The BTLs were part of this larger influx of outsiders into the state, an in-migration that was often dealt with warily by locals, as a sudden influx of outsiders of any persuasion tends to lead to high emotions. While perhaps the most visible, the “country hippies” constituted only a small part of the influx. The majority of the state’s new residents—nearly eighty percent—were retirees (approximately sixty percent) and returnees.
Edd Jeffords—a returnee to the state, sometime member of the BTL movement, and founder of the Ozark Institute—argued that better roads, industry relocation, college and school growth, and development of retiree communities all helped bring people to rural areas. These factors worked alongside longstanding urban concerns about crime, pollution, and crowding. People in teeming cities were drawn to wide-open Arkansas—even by 1980, population per mile in Arkansas was 43.9, much lower than the national average of 64 people per mile. These things, plus low land prices, were significant motivators for many in the back-to-the-land community. In the 1970s, for example, one could purchase nearly ninety acres with a year-round spring in the Ozarks for less than $20,000 (though BTL groups did not often purchase such land).
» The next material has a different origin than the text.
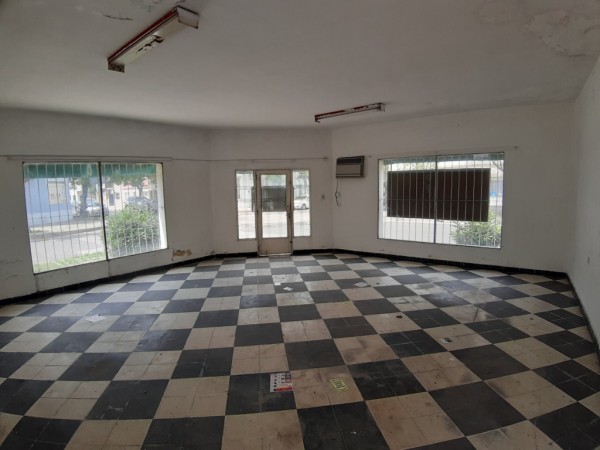 Venta casa con local en esquina.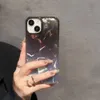 Instagram Gradient Water Ripple IMD Téléphone laser 13 iPhone 15pro adapté à l'iPhone 14 Full Package Anti Drop Case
BTLs learned about the charms of the Ozarks, and its low land prices, in a variety of ways. In major publications such as Mother Earth News, articles throughout the 1970s extolled the virtues of Ozark living, providing contact information in the back sections. United Farm Catalogue and other publications had similar classified sections that advertised land for sale or people looking for partners in land trusts or just companionship in the hills. Others learned about the region through friends or from their own travels. In some cases, groups moved to the Ozarks in order to form communes, such as the Lothlorien group outside of Eureka Springs (Carroll County) or women’s intentional communities, such as Yellowhammer in Madison County.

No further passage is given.